Pete Clemons on the Lanchester Arts festival gigs at the Coventry Locarno 1972.
For the Coventry Telegraph.
(Readable Text below the graphics.)
Pink Floyd's Great Gig in the Sky Blue city; YOUR nostalgia.
Pete Clemons - for the Coventry Telegraph
MUSIC historian Pete Clemons, from Keresley, looks back at how a change on the bill saw Coventry witness the shaping of one of rock music's iconic albums.
AS many will know the Pink Floyd album 'The Dark Side of the Moon' was released almost 40 years ago, on March 1, 1973, and became one of the best selling albums of all time.
It was recorded over two sessions at Abbey Road studios during June 1972 and January 1973 using the then most advanced recording equipment available at that time with reportedly 50 million copies being sold worldwide.
However, the finished product that most listeners are now familiar with was far from how it sounded at its conception some eighteen months earlier. And Coventry had a very early preview of that now iconic album twelve months before its final release.
On February 3, 1972 the band stopped off at The Locarno for a gig in support of the Lanchester Polytechnic arts festival where Chuck Berry and others had performed earlier in the evening/night. And when, eventually, Pink Floyd reached the stage at around 2.30am they played a complete new album under the working title of Eclipse. It quickly became apparent to those who had attended the gig that they had truly witnessed something incredibly special.
Two weeks after that Coventry gig, and by the time the band had reached London, the same album was given its first airing to the press and media at the Rainbow Theatre. The title had been changed to Dark Side of the Moon - A Piece For Assorted Lunatics.
The music's live debut had been at The Dome in Brighton on January 20 and the Coventry gig had been the seventh time Eclipse had been performed live. The Lanchester Arts festival date had been in the middle of a short British tour that culminated in several London dates. Comparing the 'bootleg' copy of the music that I have had for many years, and which I believe to be the Brighton gig, the main differences between those early outings and that of the album in its final form included:
Tracks 1 and 2 - 'Speak to Me' and 'Breathe' barley existed. The introduction was altogether different.
Track 3 - 'On the Run', whose working title was originally 'The Travel Sequence', was a guitar and drum jam and would remain that way for the rest of the year.
Track 4 - 'Time' was played at a slower speed and the first half of the verses were sung by David Gilmour and Richard Wright together. The line in the song 'Tired of lying in the sunshine' was sung as 'Lying supine in the sunshine' at those early performances.

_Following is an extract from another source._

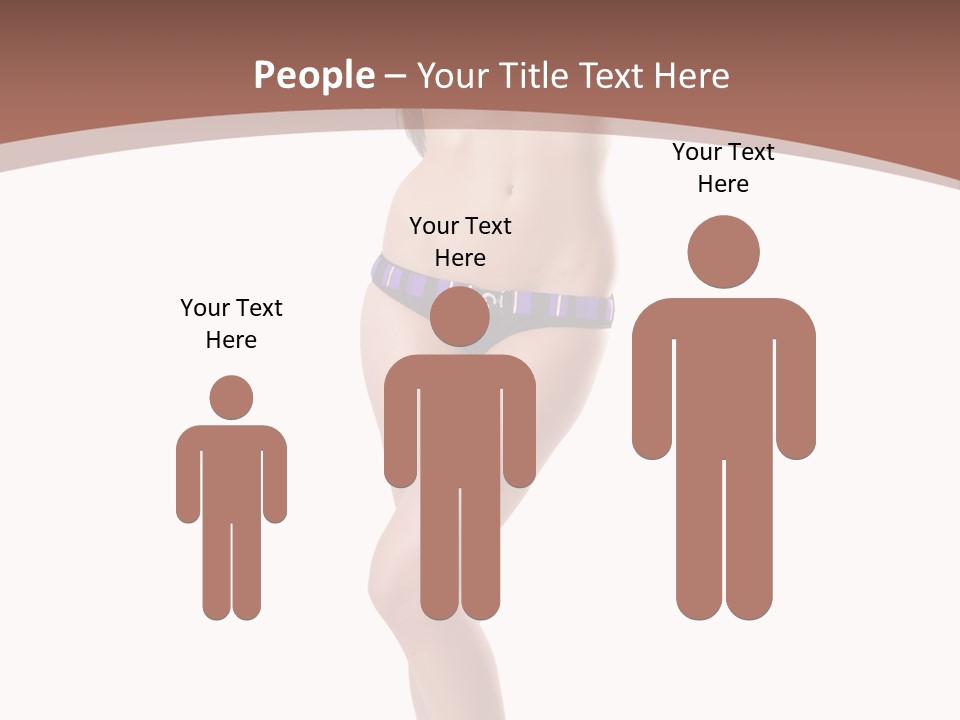 Lingerie Model Figure PowerPoint Template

Track 5 - 'The Great Gig in the Sky', whose working title was 'Religion' or 'The Mortality Sequence', consists of synthesized organ and various tapes of preachers either preaching, reading passages of the Bible and reciting The Lord's Prayer. Clare Torry's epic solo just did not exist at that time.
Track 6 - 'Money' began with a longer introduction on the bass, and the saxophone solo part was instead played on electric piano.
Track 7 - 'Us and Them' had no Dick Parry saxophone solos as heard on the album.
Track 10 - At early gigs, the song 'Eclipse' was devoid of any lyrics and nothing more than an extension of track 9 'Brain Damage'. The suite was developed during live performances and it was only later that the lyrics were introduced into these passages. None of the spoken word pieces as found on the final released album were performed at all during 1972.
Incredibly, and after the London Rainbow Theatre gigs, late February 1972 saw the band enter a French studio for the first of two sessions to record the Obscured by Clouds album which was saw release in June 1972.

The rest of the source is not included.